The story had been both disappointing and reassuring: she had seen no ghost, but perhaps there were no ghosts to be seen. Years later, the thought occurred that it was odd that an apple would be lying at the top of the stairs; and, if it had rolled to the bottom, what had caused it to start rolling? It seemed odd that an apple lying on the landing floor would suddenly propel itself down the stairs.
The poor man would have thought me eccentric in the extreme if I had started recounting some distant memory in response to a polite inquiry in the course of conversation. Were people to take seriously the childhood injunction to say what we mean and to mean what we say, ordinary social interactions would become exceedingly complicated.

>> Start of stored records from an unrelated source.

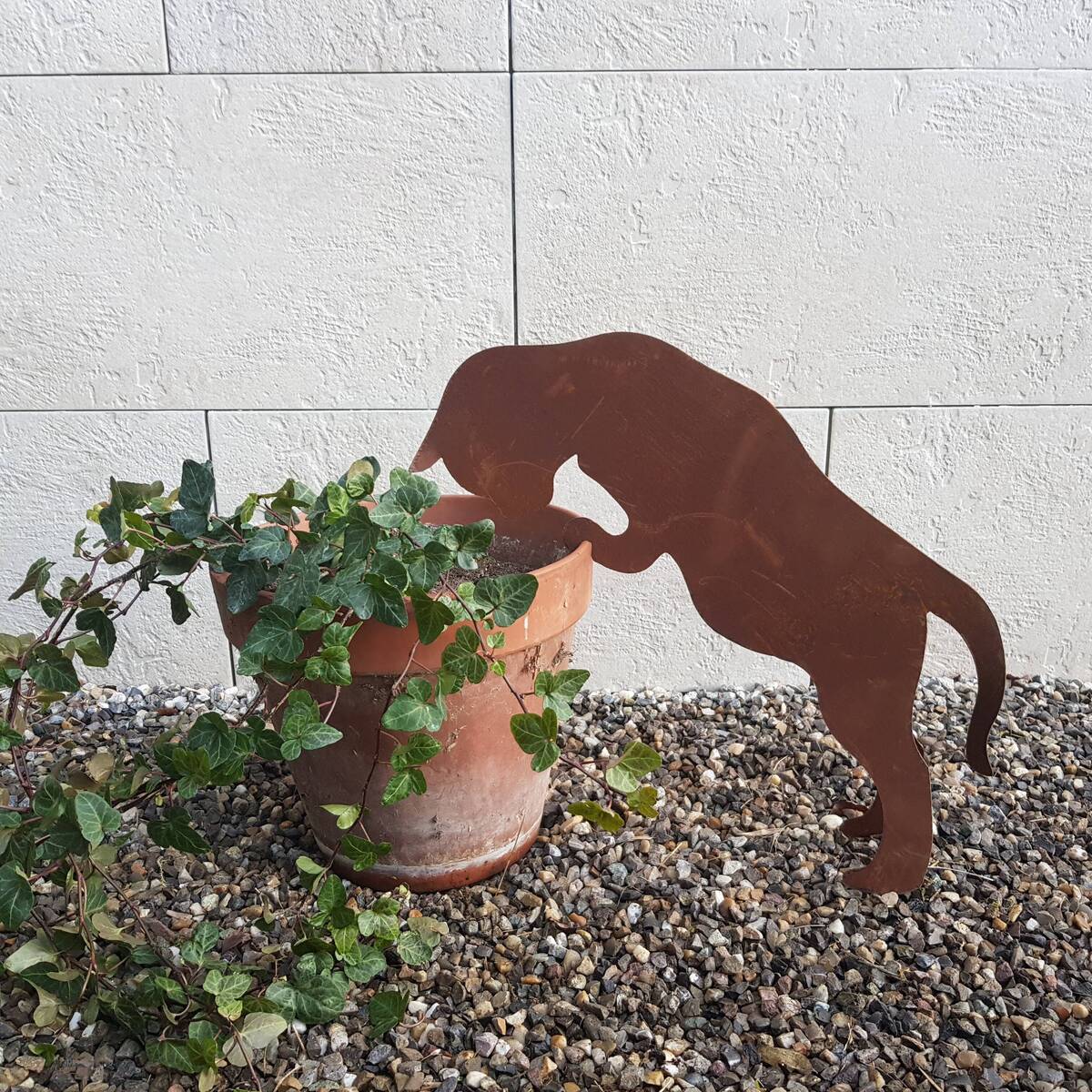 Chat à crocher sur un bord, en fer rouillé, H.28 cm 
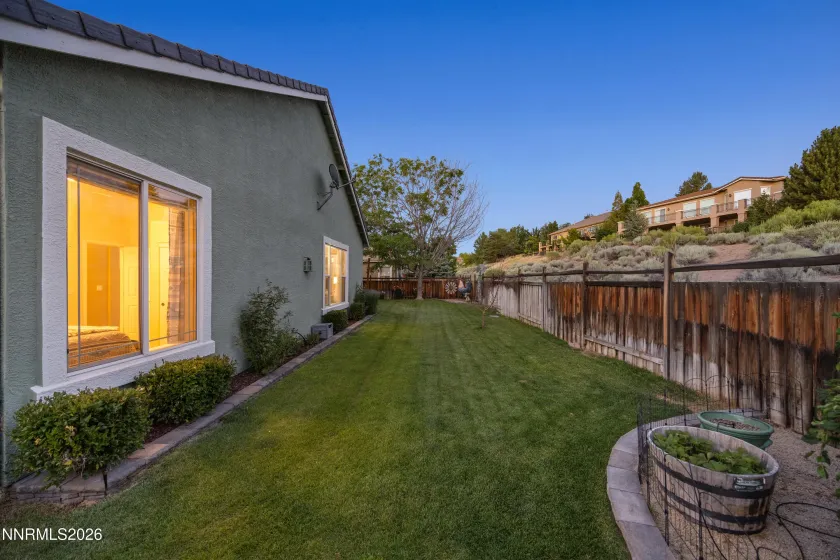 2845 Oxley, Sparks, Nevada 89436, 4 Bedrooms Bedrooms, ,2 BathroomsBathrooms,Residential,Residential,Oxley,0,260009015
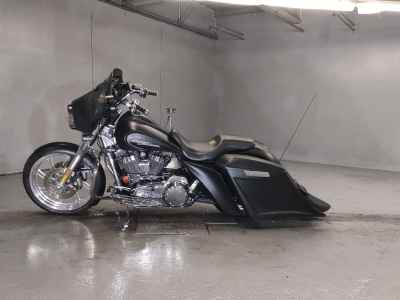 Harley-Davidson FLHX1690 2012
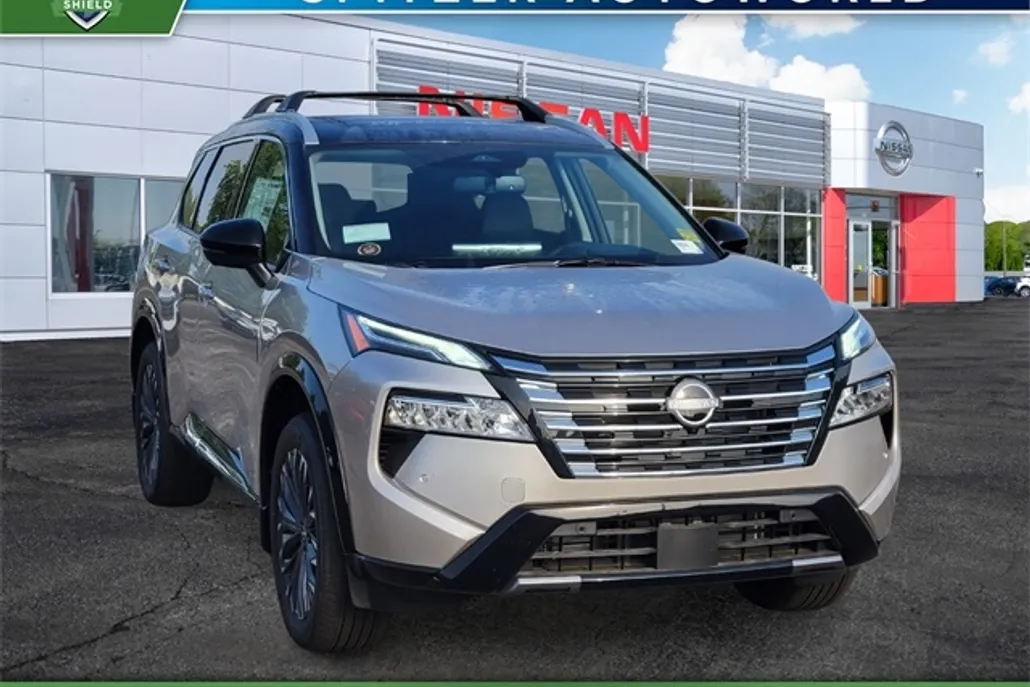 2025 Nissan Rogue Platinum photo 1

Perhaps in times past the questions, that are now not much more than the reciting of lines in a pre-determined script, carried much more significance. In conversation with African friends, to inquire with sincerity about the person and about their family is part of basic courtesy. Maybe the questions are considerably more important in communities where life is much more precarious. The better one knows the person, the longer the observance of courtesy takes.
Without descending into the telling anecdotes heard from one’s grandmother, perhaps there is scope for greater engagement with the people whom we meet. Perhaps the building of strong communities means each person having a genuine interest in the answers to all those questions we ask without even knowing.

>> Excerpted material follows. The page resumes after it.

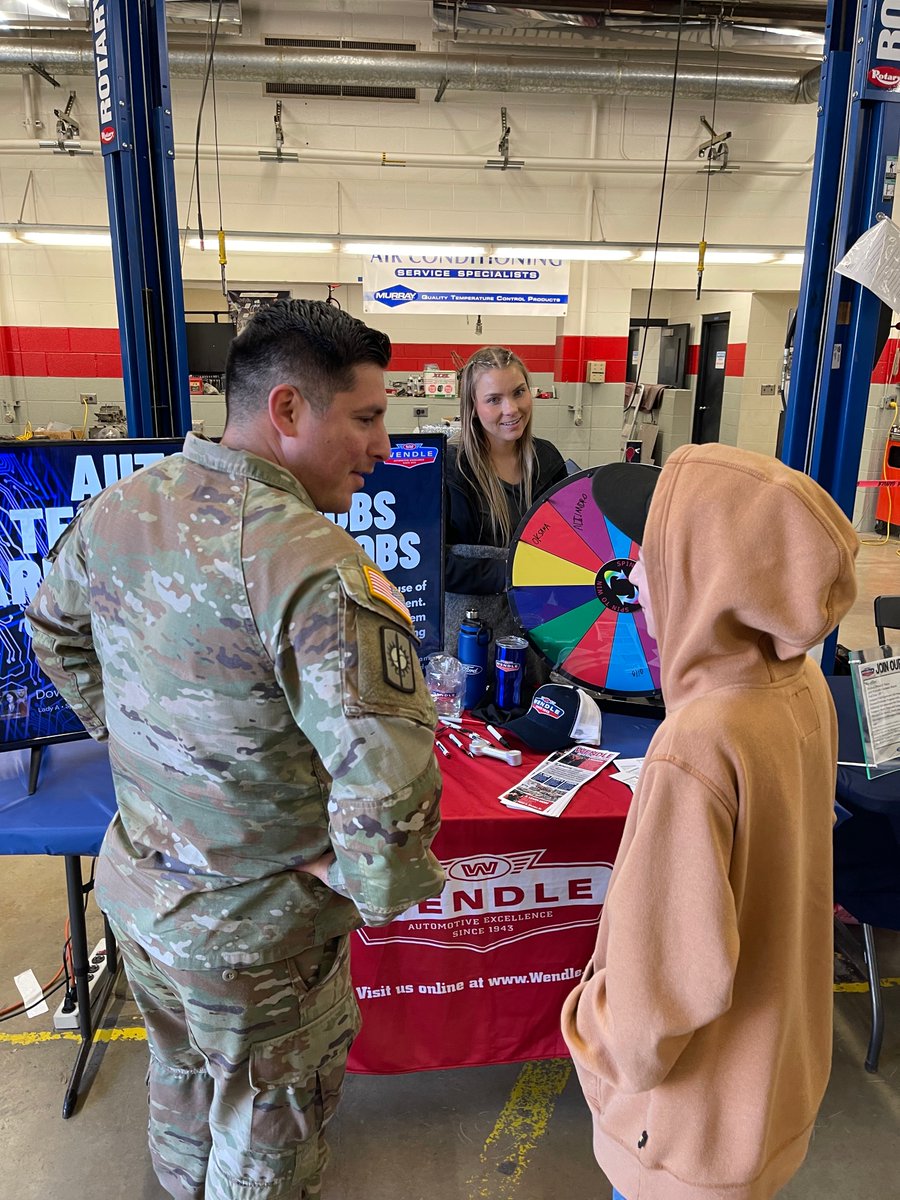 SpokaneVCTE's tweet photo. Admission for the trades night was free and open to the public. The event was held in the  Automotive Building at Spokane Community College and was put together by  @newesdnews and East Valley School District.  (2/2)

#trades #SkilledTrade #automotive #cars #vehicles #mechanic https://t.co/eleE17gsUn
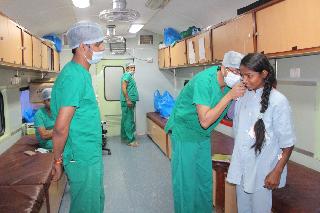 Inspection of the Express Line Express in Sindhudurg | सिंधुदुर्गनगरीत लाईफ लाईन एक्सप्रेसमध्ये तपासणीस प्रारंभ Inspection of the Express Line Express in Sindhudurg | सिंधुदुर्गनगरीत लाईफ लाईन एक्सप्रेसमध्ये तपासणीस प्रारंभ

Oh there is – the scope you talk about. It might mean setting off earlier or not being in such a rush, but either is a small price to pay for an infinitely more enriched life.
I still do have those conversations. Thank goodness.
Have emails and texting so abbreviated our communications that even normal interactions have become truncated?
I have a dreadful habit of actually telling people how I am when they ask – and then realising afterwards that I never managed to ask how *they* were. And, the thing is, I would like to know.
But you are always wonderfully polite and smiling!
My answer to “How are you?” is Alive! Then I quickly move on to another subject, after all nobody wants to hear about aches and pains.
Doesn’t it depend how close you are to someone?
Isn’t the ‘say what you mean and mean what you say’ Lewis Carrol? If I am right then it is more likely to be playing with language than a direction.
In Worcester people say “Alright” as a form of greeting, it took me years to realise that one was meant to respond with “Alright” not, “I’m fine thank you, how are you?”
Down here in Devon we say “right” and the answer is “ah” !!!!
The dodgy Mr Dodgson?
I don’t think the nuances would have been appreciated in our primary school – plain speaking was what counted.
It’s like the French ‘ca va?’ to which the reply is often ‘ca va’. It doesn’t communicate much!